Even more shocking, this image tells us that God is concerned with forming us to be servants even before we are born. Before we take our first breath, God knits us together in a particular way that makes each one of us the unique child of God that we are. Now this thought may lead us to want to curse God for putting us together in this particular way, a way that has brought with it trouble and pain that maybe could have been avoided had we been someone else. But Psalm 139 especially encourages us to consider that we are wonderfully made, because it was God who made us. In a culture that holds up a very narrow image of the beauty ideal, it may be hard to accept that our bodies, with their wrinkles and warts and bumps and sheer vulnerability, were wonderfully made by God. In a culture that tells narrow stories about success, it may be hard to accept that our personalities and our skills, with our foibles and our shortcomings, were wonderfully made by God.

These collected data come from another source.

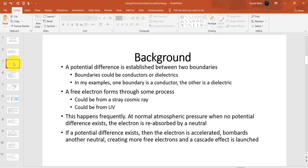If a potential difference does exist, then the electron is accelerated, bombards another neutral, creating more free electrons, and a cascade effect is launched.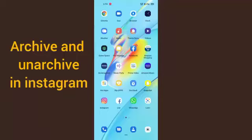Hello guys, welcome back to this brand new video. Today in this video I'm gonna teach you how you can archive and unarchive your posts in the Instagram app. So here we go.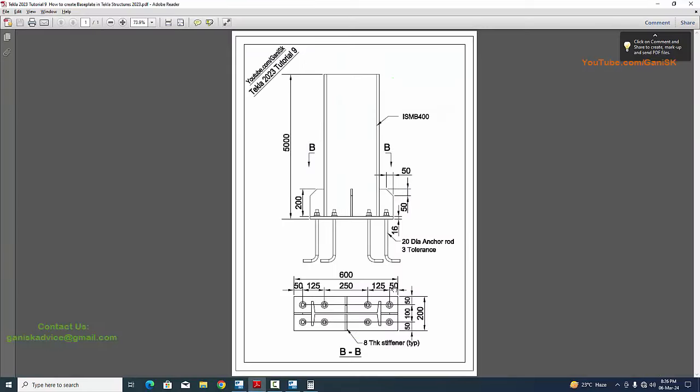That's it about how to create this type of base plate in Tekla Structures. I will provide the PDF example link in the description — please download and practice along with this video. Thank you.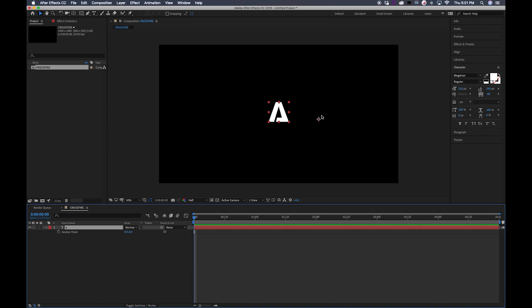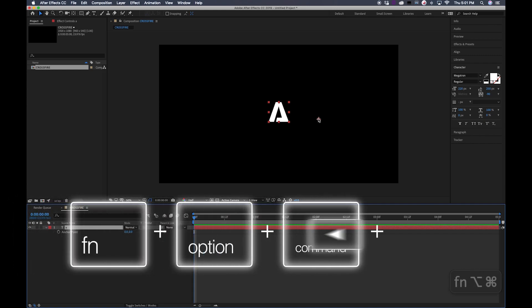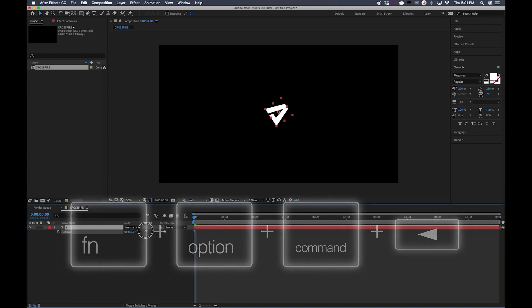So you can see here the anchor point is not in the center of the text layer where we want it. On a Mac, what we're going to do is hit the keys function, option, command, and the left arrow key. And that'll snap it right back into the center. Then you can rotate from that center axis.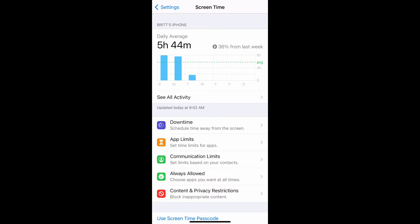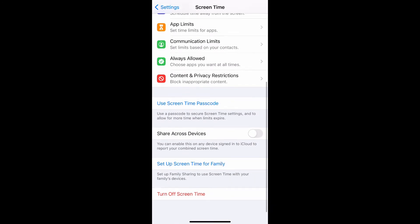Now let's go back to Screen Time. As you can see, there are several options you can select below. One being Downtime, where you can schedule time away from the screen. Another one would be App Limits, where you can set time limits for different apps, or Communication Limits, where you can set limits based on your contacts. And another good one would be Always Allowed, which allows you to choose apps you want available at all times.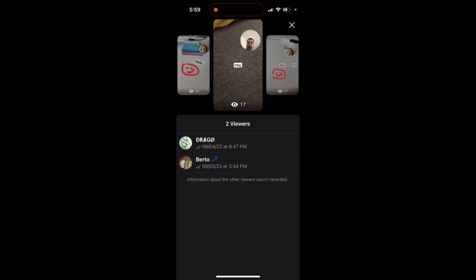It also says 'information about the other viewers wasn't recorded.' I don't know what the issue is or why it's happening like that, but at the moment, that's just what it is. I'm on Telegram Premium, but I don't know the exact details of why this happens.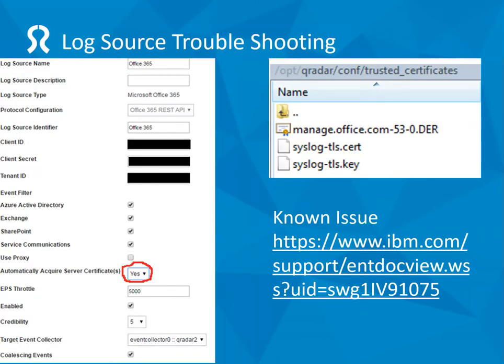I did come across a few issues though. The main thing is to set 'automatically acquire server certificate' to yes. That wasn't in the documentation, and what that should do is bring down the Office certificate and stick it in the trusted certificates folder of the appliance.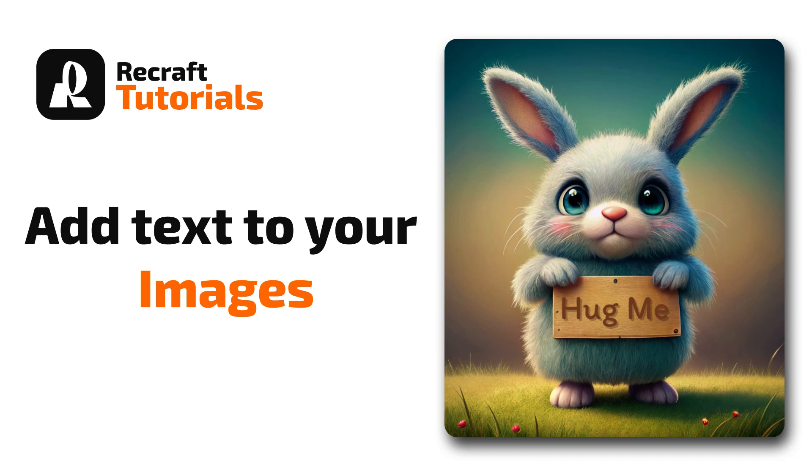Welcome to another quick tutorial. This time I will show you how to add your own text to an image inside ReCraft. Let's dive in.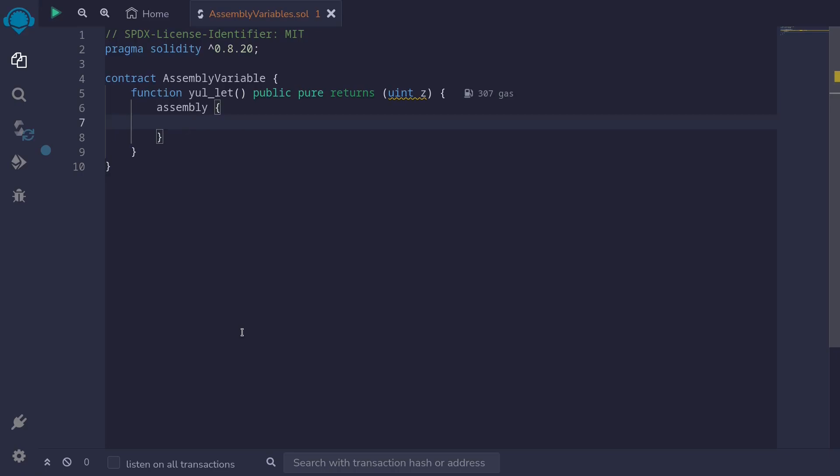To declare a local variable, we can say let x. Let's make this equal to 123, and the way we declare a variable inside assembly is by putting colon, equal sign, and let's say 123. So this is how you would declare a local variable inside assembly.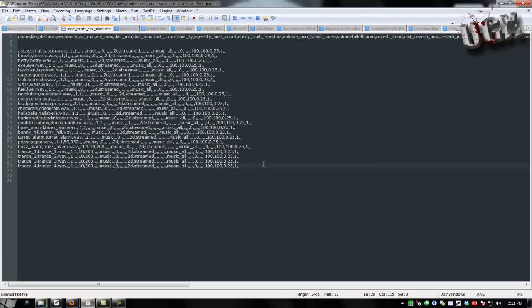This is music so I'm going to put it in with all my other music. I also have a sound alias for menu sounds and gun sounds, etc.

As a way to embody the knowledge that you were made wonderfully by God, I invite you to go through the following meditation based on Psalm 139. It is meant to be read slowly, taking time to really feel the different parts of our bodies and to truly connect to our whole selves.

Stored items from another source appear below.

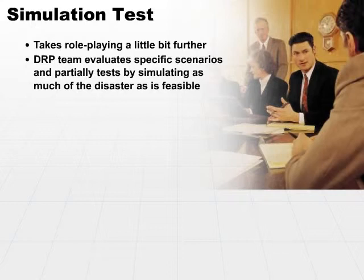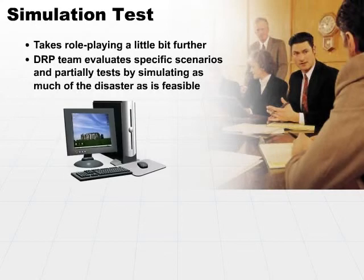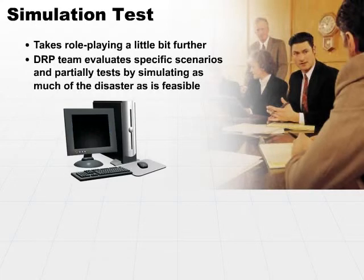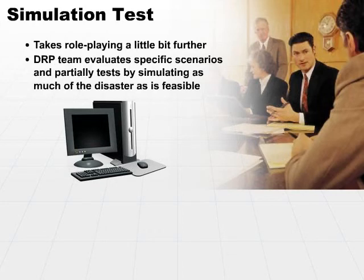So if they're going to test, perhaps, an electricity outage, then what they'll try to do is literally unplug a machine, if possible, and it's not going to disrupt the actual business, and see how much of the disaster they can simulate — again, without disrupting the business. So it's a little bit farther than the previous example.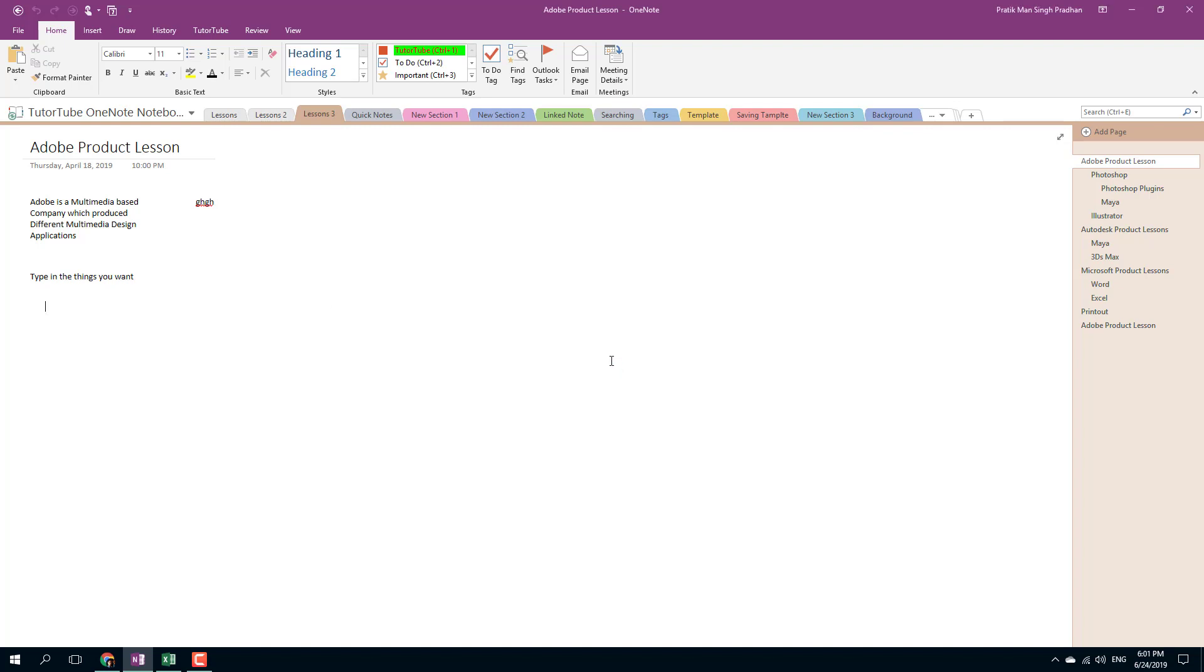Once I restart OneNote it is going to create 10 backups for me. So that is how you can back up your OneNote notes.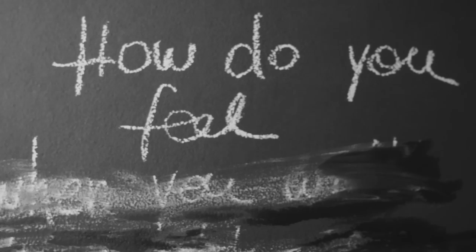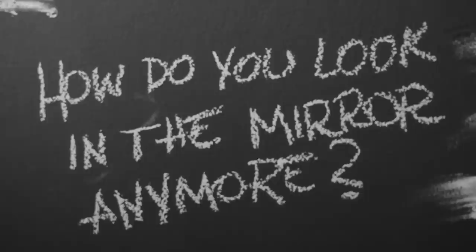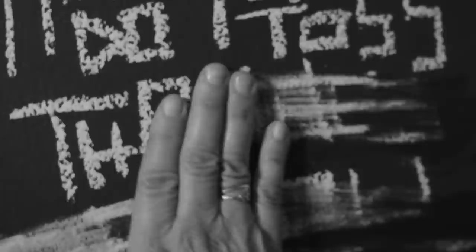And how do you feel when you walk into the door, and how do you look in the mirror anymore? And how do you toss the idea of you and me?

Close your eyes and relax. Take a deep breath and let it out slowly.
Take another deep breath and let it out slowly, feeling the breath leave your body, carrying tension away. Concentrate on your breathing, breath going in and out.
As you breathe, bring your attention to your head and face. As you breathe out, let go of any tension you feel there.
As you breather, pay attention to your neck and shoulders—let them relax.
Feel your breath flow down your arms, through elbows into hands and out your fingers. Relax.
Concentrate on your back and chest and stomach. Let go of any tension you are holding here.
Feel the relaxation spread into your legs, through your knees, down your shins, into your feet, and out your toes.
Now say read out loud, “For it was you who formed my inward parts; you knit me together in my mother’s womb. I praise you for I am fearfully and wonderfully made; wonderful are your works; that I know very well.”
Start with your toes and your feet. God knit these together in your mother’s womb. Imagine God making your toes and your feet and loving your toes and your feet. God knew these were the feet that would ground your life, that would allow you to stand firm in the Lord.
Feel your legs. God knit these legs together in your mother’s womb. Imagine God making these very legs and loving these legs. God knew that these were the legs that would move you through life, that would allow you to continually journey toward God.
Bring your attention to your chest and stomach and back. God knit this chest and stomach and back together in your mother’s womb. Imagine God making your chest, and stomach, and back, and loving your chest, and stomach, and back. God knew that this trunk would allow you to twist and bend with the winds of change, the winds of life.
Feel your arms and hands and fingers. God knit these arms and hands and fingers together in your mother’s womb. Imagine God making your arms and hands and fingers and loving them. God knew that with these arms you would embrace the world and all of God’s children.
Bring your attention to your neck and face and head. God knit your neck and face and head in your mother’s womb. Imagine God making your neck and face and head and loving them. God knew that this would be the face that you present to the world.
And God did not just knit your body together in your mother’s womb. God also made you, your spirit, your very inner self. God knit this self together in your mother’s womb. Imagine God making this self and loving this self. Imagine God telling you about all God put together to make your very self. What personality did God give you? What weaknesses and strengths did God pick out to make you you? Spend a minute dwelling in this knowledge that God knit your inner self together in your mother’s womb.
Holding onto this knowledge that God knit your body, yourself, allow it to radiate from you while you imagine a day in your life. Does knowing that God made you wonderfully you change how you feel about yourself? How you go about your day? How you treat other people?